In this action to recover damages for personal injuries arising out of an automobile accident, after verdict and judgment in favor of the defendant [appellant and cross-respondent herein], the plaintiffs [respondents and cross-appellants herein], moved for a new trial; their motion was granted upon the ground, among others, that the evidence was insufficient to support the verdict; and the defendant appeals, contending that the evidence establishes the defense of contributory negligence as a matter of law. This contention raises the determinative issue on appeal.
In compliance with the governing rule, the evidence will be stated most favorably in support of the order granting the motion. (Thomas v. Hunt Mfg. Corp., 42 Cal.2d 734, 736, 269 P.2d 12; Brooks v. Metropolitan Life Ins. Co., 27 Cal.2d 305, 307, 163 P.2d 689.) On the morning of June 6, 1959, a headon collision occurred between an automobile driven by the plaintiff, Lucille Shoemaker, and an automobile driven by Officer Carrington of the California Highway Patrol, an employee of the defendant. The locale of this collision was Murphy Canyon Road, a winding, north-south, two-lane, rural highway divided by a broken white line. Immediately prior to the accident the plaintiff automobile, a red Buick, was one of several automobiles proceeding southerly; was preceded by two automobiles; was followed by two other automobiles; was traveling at about 40 miles per hour; started to pass the automobile in front; its driver apparently noticed the oncoming defendant automobile, and started back to its right side of the highway, but before this maneuver was completed the accident occurred. The defendant automobile was proceeding northerly at a high rate of speed; came around a curve to its left; veered to the right onto the shoulder and close to the bank, a maneuver apparently made to avoid a southbound, neutral-colored automobile which then was 300 or 400 feet away in the north lane;1 its rear wheels started to drag sideways to the right; was brought back upon the paved portion of the roadway; crossed the northbound lane thereof in a northwesterly direction; and collided with the plaintiff automobile. At the time in question the driver of the defendant automobile, Officer Carrington, was on his way to the scene of an accident outside of his territory involving another officer; at one point was traveling at an estimated speed of 80 miles per hour; at the time of impact was going between 60 and 65 miles per hour; after the impact which demolished plaintiffs' automobile, traveled a distance of 480 feet before coming to a stop; did not see the red Buick when the neutral-colored car came into view, nor until he started traveling northwesterly across the highway; did not put on his brakes; and made very little effort to slow down, although his speed was retarded by the swerving movement of his automobile.

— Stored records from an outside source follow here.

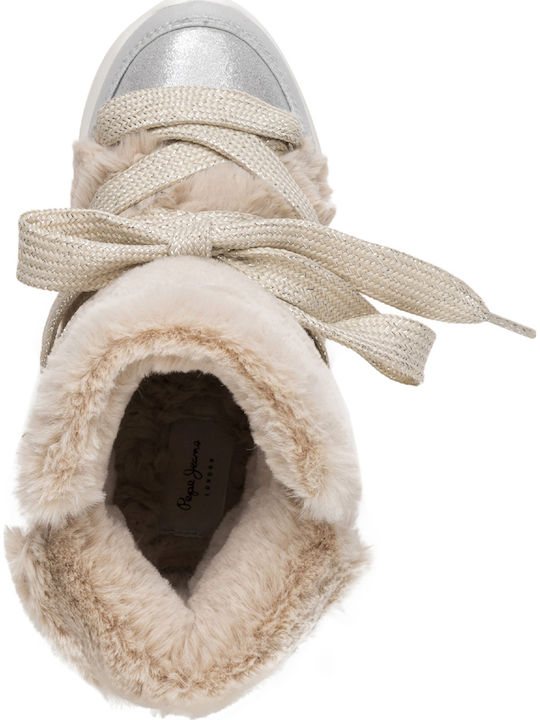 Amanda Snow Kinderstiefel mit Schnürsenkeln Beiges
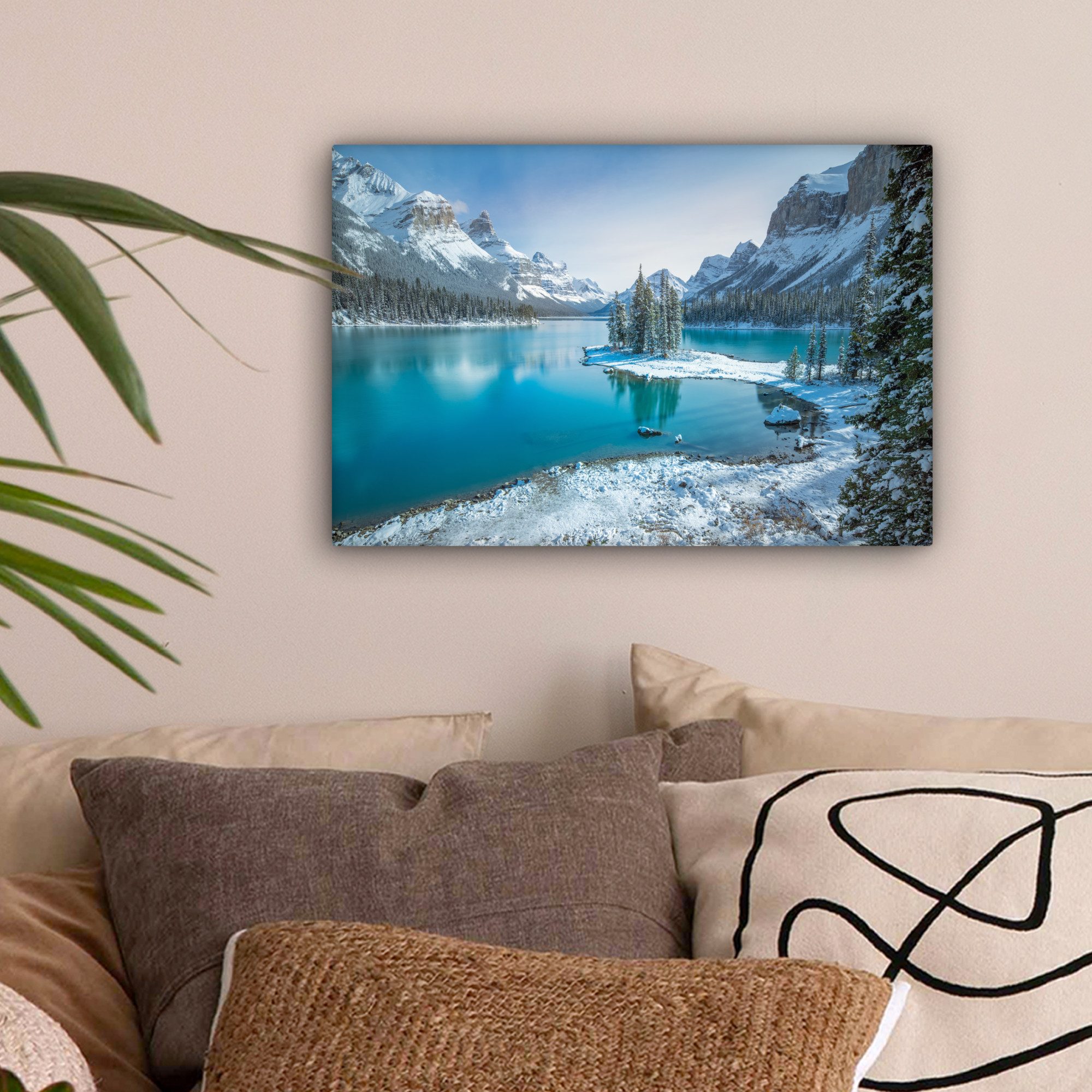 OneMillionCanvasses® Leinwandbild Landschaft - Schnee - Winter - Wasser - B günstig online kaufen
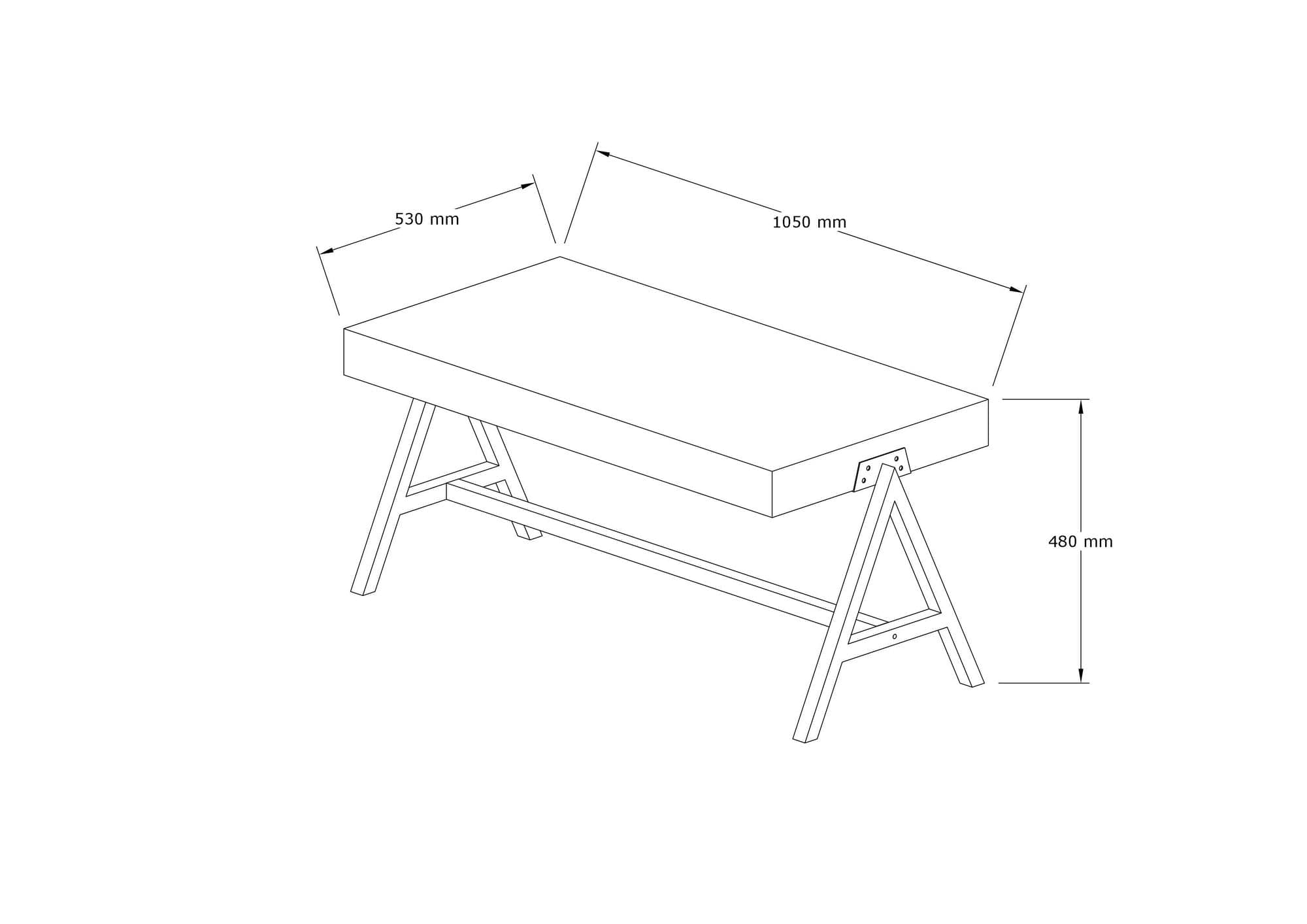 Masa de cafea din lemn si metal, Room Pin Atlantic / Negru, L105xl53xH48 cm (3)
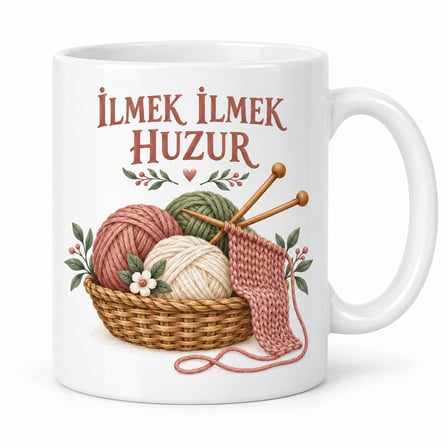İlmek İlmek Huzur Örgü ve Yumak Tasarımlı Porselen Kupa - MODEL 263
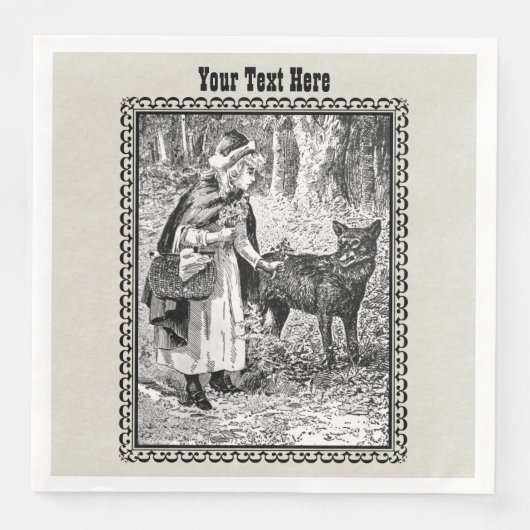 Reiten Hood Wolf sprechen in Holz Schwarz-weiß Serviette (Vorderseite)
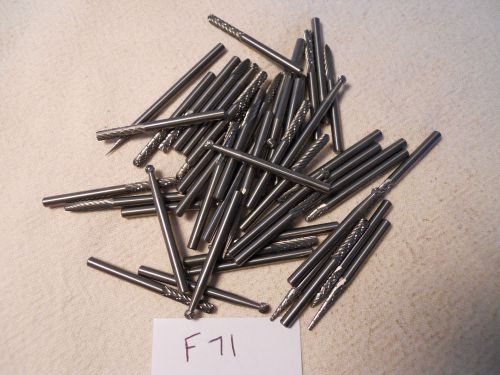 50 NEW 3 MM SHANK CARBIDE BURRS. GREAT VARIETY OF SHAPES. METRIC. USA MADE  F71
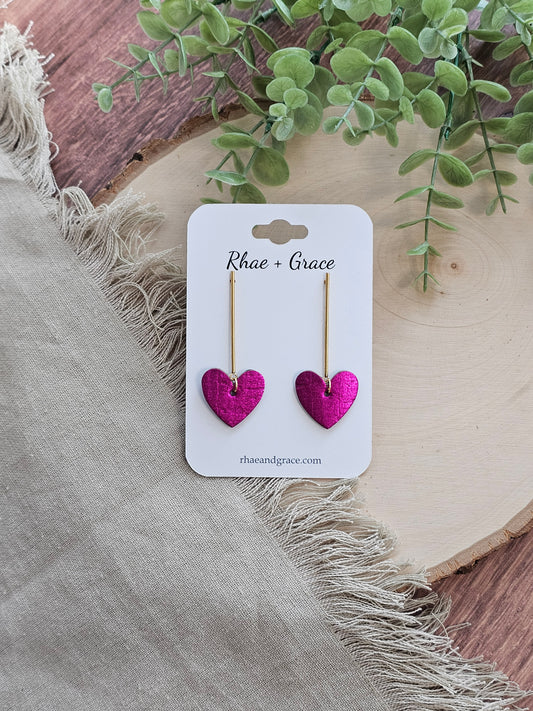 Metallic Fuschia Heart Drop Post Earrings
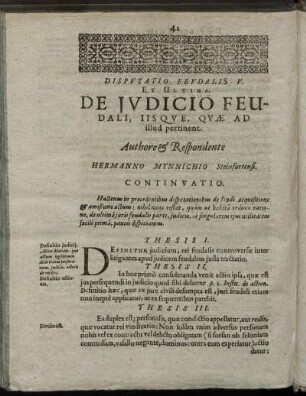 Disputatio Feudalis V. De Judicio Feudali, Iisque, Quæ Ad illud pertinent.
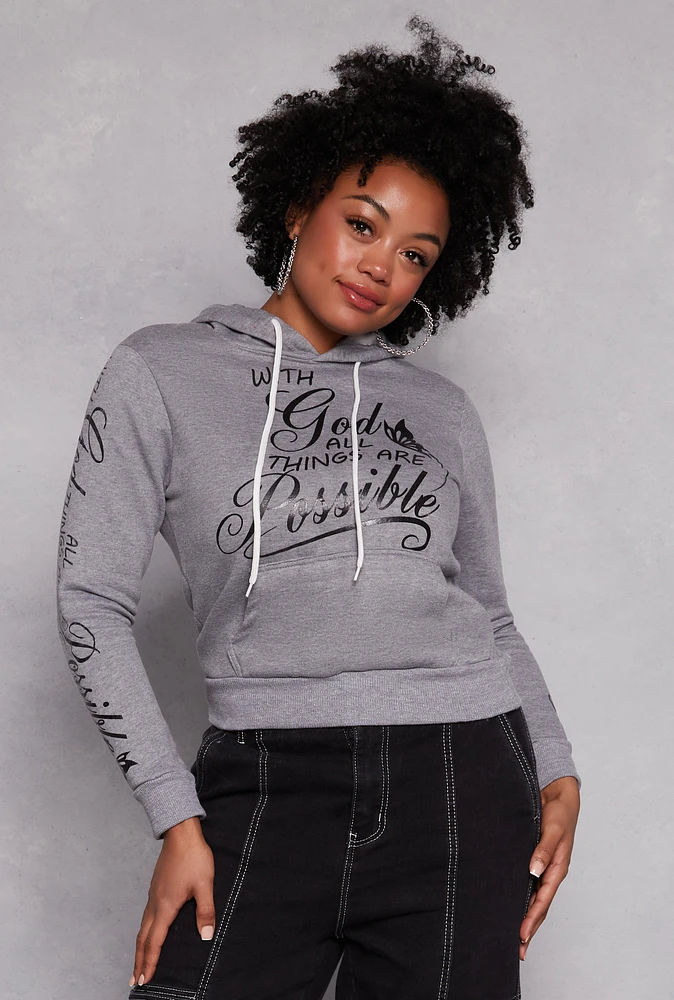 Womens Plus Size All Things Are Possible Hooded Sweatshirt, Grey, Size 3X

The evidence supports the conclusion that the neutral-colored car was the first of the two automobiles which preceded the plaintiff automobile; that when the plaintiff driver started to pass the car immediately in front of her the defendant automobile could not be seen nor heard; and that when the officer first saw the neutral-colored car the plaintiffs' automobile was 600 feet away.
The position of the two automobiles at the time of impact was a subject of substantial disagreement. The defendant contends that even though the plaintiffs' version of the position of their car at the time of impact be accepted, it was 2 1/212 inches over the center of the highway into the northbound lane, i. e., the defendant's lane; that this fact appears without contradiction; that this evidence establishes the violation of an applicable statute and constitutes a prima facie showing of negligence; that there is no evidence in conflict with such showing; and, therefore, the proof establishes negligence upon the part of the plaintiff driver as a matter of law. The defendant also contends that this negligence, under the circumstances, proximately contributed to the accident as a matter of law. The plaintiffs contend that the evidence in question places their car only one-half inch in the defendant's lane of traffic; places the defendant's automobile 23 inches into the southbound lane, i. e., their lane; that the plaintiff driver was not negligent as a matter of law; and that, even if negligent, the evidence does not establish, as a matter of law, that her negligence proximately contributed to the collision.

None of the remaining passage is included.